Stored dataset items

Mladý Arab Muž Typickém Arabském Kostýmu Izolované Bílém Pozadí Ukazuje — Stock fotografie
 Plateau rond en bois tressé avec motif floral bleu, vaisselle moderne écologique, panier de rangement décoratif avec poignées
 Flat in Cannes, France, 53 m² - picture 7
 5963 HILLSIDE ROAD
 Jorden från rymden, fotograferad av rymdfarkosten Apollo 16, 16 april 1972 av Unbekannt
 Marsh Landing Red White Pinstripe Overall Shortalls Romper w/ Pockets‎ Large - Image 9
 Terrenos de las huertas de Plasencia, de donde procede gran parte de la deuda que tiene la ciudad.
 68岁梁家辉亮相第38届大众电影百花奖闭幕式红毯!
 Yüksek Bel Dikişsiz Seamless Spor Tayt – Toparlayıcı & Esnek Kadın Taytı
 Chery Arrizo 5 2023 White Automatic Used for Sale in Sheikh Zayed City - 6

Your task »
The lines above that hold the word "White" should be found and copied out.

Answer for this exercise »
 Marsh Landing Red White Pinstripe Overall Shortalls Romper w/ Pockets‎ Large - Image 9
 Chery Arrizo 5 2023 White Automatic Used for Sale in Sheikh Zayed City - 6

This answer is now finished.